Funny thing - the place was named Jackson, too.
Jackson, Mont., population of 35, is close to Wisdom, another dot on the map on state Highway 278. The two-lane blacktop doubles as Jackson's Main Street. There's no stoplight. You can look down the road for miles in either direction and not see a car. Jackson's version of a traffic jam is when two dogs lie down in the road at the same time.
There's a tractor repair shop, a sometimes-open cafe and a tiny store where ancient Campbell's soup cans share shelf space with insect repellent. Jackson sits in rolling ranch lands rimmed by distant mountains, some still capped by snow in mid-June.
Jackson is known for its hot springs resort. That's where my wife and I were staying for a few days on our recent vacation.
Built in the '50s, it's a log-cabin lodge in the architectural style known as American funk. Elk heads dominate the decor. They gaze in glass-eyed serenity over the pool table and bar at one end of the honky-tonk hall that's rarely empty, even in the morning.
Like the ghost town of Bannack down the road, Jackson Hot Springs has seen better days. The sign out front advertises an indoor spa, but now the roof's gone. The spring-fed 107-degree pool is open to Montana's trademark big sky year-round. Don't worry about the sign - it's burned out anyway.
The way I heard the story, Jackson Hot Springs was built around 1950 by a Fortune 500 heiress who felt in love with a Montana rancher. In its heyday, stars like Bing Crosby paid visits. But after the property was passed on to the heiress' two sons, they started feuding.
The brothers cut the building in half. The other brother dragged his half to the town of Dillon, and made a home out it. Dillon was some 50 miles away and that was before the road was even paved.
Everything's a story here, in this majestic, lonely landscape. Ghosts abound. The nearby Big Hole National Monument recalls an 1877 daybreak attack by U.S. Infantry forces on Chief Joseph and a band of Nez Perce Indians camped by the stream.
Local history is written in chapters of stubborn eccentricity. The weathered, leaning wood structures of Bannack hold echoes - said to get louder at dusk - of prospectors' dashed dreams and "upstairs girls' " midnight laments in this land that's gorgeous in summer, but unforgiving when it gets cold.
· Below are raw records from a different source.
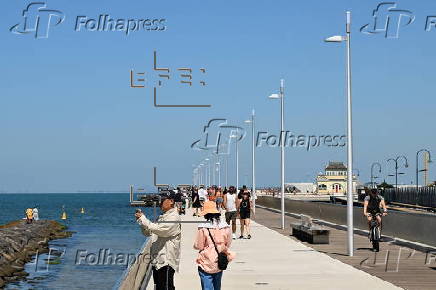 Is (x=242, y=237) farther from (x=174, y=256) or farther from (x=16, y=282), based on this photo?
(x=174, y=256)

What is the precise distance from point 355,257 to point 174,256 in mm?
12592

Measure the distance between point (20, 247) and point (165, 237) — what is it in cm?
4859

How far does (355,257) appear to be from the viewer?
2495 centimetres

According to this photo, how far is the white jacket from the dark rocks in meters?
27.0

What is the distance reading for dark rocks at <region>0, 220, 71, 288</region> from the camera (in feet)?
147

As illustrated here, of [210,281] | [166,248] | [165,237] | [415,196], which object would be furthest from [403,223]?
[415,196]

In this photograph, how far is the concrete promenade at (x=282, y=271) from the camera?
1825 centimetres

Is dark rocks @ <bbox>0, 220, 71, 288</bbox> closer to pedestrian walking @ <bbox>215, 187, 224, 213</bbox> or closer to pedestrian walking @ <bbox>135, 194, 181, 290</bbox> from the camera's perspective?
pedestrian walking @ <bbox>215, 187, 224, 213</bbox>

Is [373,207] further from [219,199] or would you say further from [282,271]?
[219,199]

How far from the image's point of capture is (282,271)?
21.5 m

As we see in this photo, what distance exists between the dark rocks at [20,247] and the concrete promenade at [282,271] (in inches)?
612

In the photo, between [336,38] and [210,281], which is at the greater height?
[336,38]

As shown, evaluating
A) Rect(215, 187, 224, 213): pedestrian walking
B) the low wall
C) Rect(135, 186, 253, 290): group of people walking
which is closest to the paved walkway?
the low wall

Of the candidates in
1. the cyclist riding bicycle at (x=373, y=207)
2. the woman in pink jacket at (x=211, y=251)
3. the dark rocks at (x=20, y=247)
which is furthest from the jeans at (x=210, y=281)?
the dark rocks at (x=20, y=247) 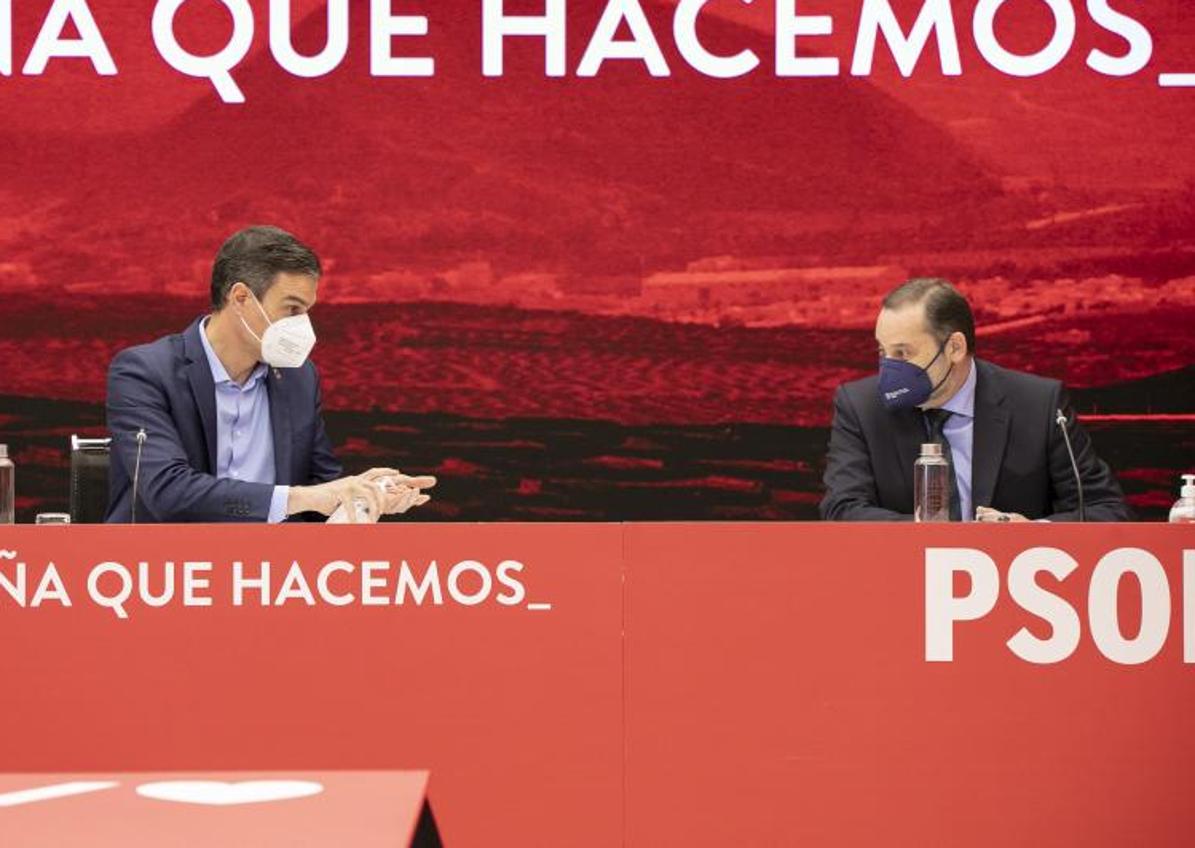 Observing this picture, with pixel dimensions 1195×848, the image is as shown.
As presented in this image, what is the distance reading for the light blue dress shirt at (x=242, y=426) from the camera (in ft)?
10.3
Bloody Dick, a legendary Englishman in these parts whose nickname derived from his proclivity for cursing, inspired Jackson's new Bloody Dick Boutique. During our visit, the eclectic establishment was being readied to open by Trenton Selway, who grew up in Montana but now spends time on Maui, and his girlfriend, Maui writer Cheryl Ambrozic.
Surrounding ranch lands were awash with snowmelt rushing down creekbeds, filling low spots in pastures and spawning mosquitoes in numbers verging on a plague. Huge, persistent, they'd be better named moose-quitoes.
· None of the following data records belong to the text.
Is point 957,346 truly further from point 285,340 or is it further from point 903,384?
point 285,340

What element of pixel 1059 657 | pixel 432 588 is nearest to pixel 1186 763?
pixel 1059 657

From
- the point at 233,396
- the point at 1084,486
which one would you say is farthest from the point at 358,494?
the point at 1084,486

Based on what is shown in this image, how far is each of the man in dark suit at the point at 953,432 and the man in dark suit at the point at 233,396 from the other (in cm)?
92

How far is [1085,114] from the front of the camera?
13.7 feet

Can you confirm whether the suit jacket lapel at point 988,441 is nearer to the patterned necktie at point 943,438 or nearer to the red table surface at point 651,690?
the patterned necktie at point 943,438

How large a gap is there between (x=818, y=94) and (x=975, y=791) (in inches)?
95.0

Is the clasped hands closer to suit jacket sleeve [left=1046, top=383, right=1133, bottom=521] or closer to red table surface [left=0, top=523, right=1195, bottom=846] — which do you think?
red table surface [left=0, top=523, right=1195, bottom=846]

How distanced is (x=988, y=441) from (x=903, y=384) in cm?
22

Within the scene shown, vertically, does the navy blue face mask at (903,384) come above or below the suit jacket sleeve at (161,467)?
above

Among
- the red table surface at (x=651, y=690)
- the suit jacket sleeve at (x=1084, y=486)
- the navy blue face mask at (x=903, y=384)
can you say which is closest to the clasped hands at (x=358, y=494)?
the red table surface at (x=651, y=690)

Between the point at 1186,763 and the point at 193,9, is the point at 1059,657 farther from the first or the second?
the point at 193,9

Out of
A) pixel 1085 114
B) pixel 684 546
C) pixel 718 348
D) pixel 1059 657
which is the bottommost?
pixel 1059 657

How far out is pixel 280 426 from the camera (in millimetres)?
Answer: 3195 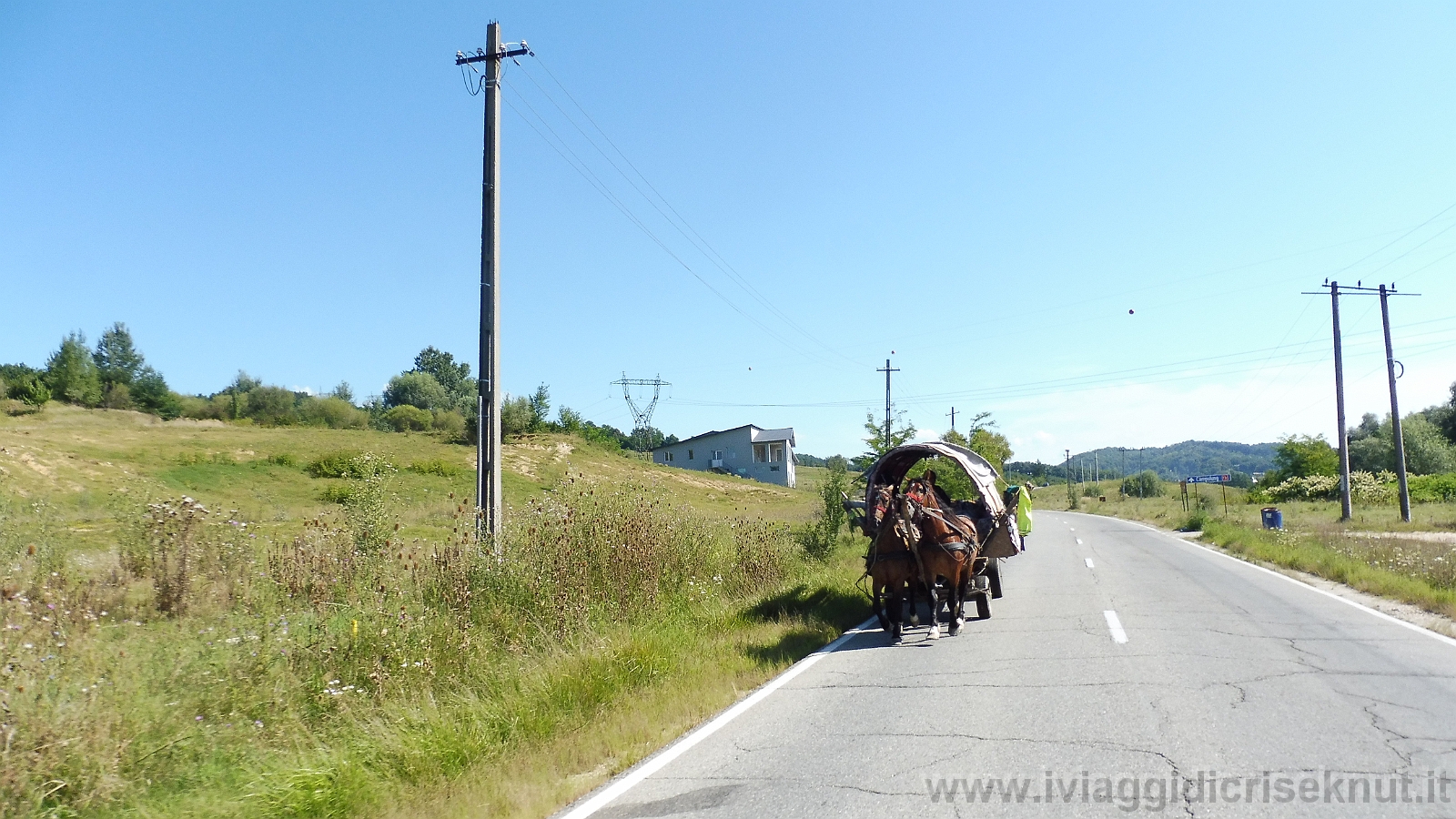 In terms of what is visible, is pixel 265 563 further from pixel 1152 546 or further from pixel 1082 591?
pixel 1152 546

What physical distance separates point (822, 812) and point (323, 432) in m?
57.5

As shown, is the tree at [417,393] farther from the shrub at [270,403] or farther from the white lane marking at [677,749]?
the white lane marking at [677,749]

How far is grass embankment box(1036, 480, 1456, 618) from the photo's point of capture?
15.1 meters

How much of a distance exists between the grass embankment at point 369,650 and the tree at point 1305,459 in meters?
71.1

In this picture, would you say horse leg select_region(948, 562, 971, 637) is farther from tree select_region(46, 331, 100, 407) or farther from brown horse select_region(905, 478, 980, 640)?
tree select_region(46, 331, 100, 407)

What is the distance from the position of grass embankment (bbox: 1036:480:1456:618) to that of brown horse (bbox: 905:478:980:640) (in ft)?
Answer: 24.0

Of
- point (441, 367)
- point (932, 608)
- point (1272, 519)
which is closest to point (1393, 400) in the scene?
point (1272, 519)

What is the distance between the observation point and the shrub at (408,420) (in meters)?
75.2

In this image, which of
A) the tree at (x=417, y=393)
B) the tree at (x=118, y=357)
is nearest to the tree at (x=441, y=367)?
the tree at (x=417, y=393)

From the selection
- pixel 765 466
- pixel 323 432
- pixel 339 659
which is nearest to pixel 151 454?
pixel 323 432

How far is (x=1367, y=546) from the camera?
21156 millimetres

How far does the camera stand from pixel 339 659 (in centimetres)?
760

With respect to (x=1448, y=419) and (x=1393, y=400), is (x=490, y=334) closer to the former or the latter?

We didn't realize when we headed for Jackson that it was in a different time zone. Aside from the occasional country station drifting in and out on the car radio, we were out of the media's reach. There was no news, no world beyond what we could see.
Not until we drove out did we hear of the death of superstar Jackson. And then, for the following weeks we heard of nothing else.
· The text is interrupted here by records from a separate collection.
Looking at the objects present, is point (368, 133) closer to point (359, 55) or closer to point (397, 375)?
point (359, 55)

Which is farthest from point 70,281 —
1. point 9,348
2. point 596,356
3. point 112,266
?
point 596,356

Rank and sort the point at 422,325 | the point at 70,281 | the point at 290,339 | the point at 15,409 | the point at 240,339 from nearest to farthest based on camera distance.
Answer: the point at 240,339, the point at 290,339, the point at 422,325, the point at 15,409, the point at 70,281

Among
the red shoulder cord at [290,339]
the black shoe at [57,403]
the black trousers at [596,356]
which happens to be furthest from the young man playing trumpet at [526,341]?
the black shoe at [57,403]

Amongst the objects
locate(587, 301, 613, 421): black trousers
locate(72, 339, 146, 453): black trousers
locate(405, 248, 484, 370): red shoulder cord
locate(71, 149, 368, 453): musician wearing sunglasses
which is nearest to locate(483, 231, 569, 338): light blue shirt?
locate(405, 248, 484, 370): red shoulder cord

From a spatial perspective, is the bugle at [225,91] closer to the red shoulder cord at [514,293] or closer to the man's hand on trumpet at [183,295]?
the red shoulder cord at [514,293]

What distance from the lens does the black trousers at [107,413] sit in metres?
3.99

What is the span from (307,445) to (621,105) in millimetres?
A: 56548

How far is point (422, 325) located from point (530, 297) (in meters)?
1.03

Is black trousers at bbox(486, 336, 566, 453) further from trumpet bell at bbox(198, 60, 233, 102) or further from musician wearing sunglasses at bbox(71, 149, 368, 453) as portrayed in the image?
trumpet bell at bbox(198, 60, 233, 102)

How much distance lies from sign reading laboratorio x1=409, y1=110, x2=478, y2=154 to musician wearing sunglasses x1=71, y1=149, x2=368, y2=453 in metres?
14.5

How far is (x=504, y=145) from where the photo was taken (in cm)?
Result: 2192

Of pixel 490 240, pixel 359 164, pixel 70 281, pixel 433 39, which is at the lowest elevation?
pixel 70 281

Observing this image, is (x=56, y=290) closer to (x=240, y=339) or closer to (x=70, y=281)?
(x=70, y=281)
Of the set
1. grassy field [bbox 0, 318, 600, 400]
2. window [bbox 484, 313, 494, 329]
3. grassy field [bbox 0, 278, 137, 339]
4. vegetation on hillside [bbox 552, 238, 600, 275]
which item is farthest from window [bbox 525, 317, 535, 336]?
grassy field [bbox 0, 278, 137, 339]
No world news, no politics. Larry King led CNN into an all-Michael-all-the-time news cycle. The network morning shows sent crews to Neverland Ranch. Forget Korean missile threats or economic woes; let's listen to the 9-1-1 call one more time.
But the more wounded souls Larry King interviewed, the more we watched the tape loops showing the Jackson 5 singing, "easy as 1 2 3," or the interviews with Jackson talking about his abused, stolen boyhood or how he felt about his nose, the weirder the story became.
His prodigious musical genius was too great a weight for his fragile psyche to bear. For those unprepared, fame is a beast that eats its young.
With the media acting like groupies, the more we heard, the less we knew. Everything was backwards. Pain-killing drugs didn't kill pain, they killed people. A fortune squandered trying to ward off loneliness. Constant talk of children that invariably led to a creepy feeling. Lawyers and doctors and relatives and journalists, all making it worse.
Mostly, it was just sad.
It didn't take long to start misusing that other Jackson. The closest that place gets to talking heads are the elks on the walls. And they're not talking.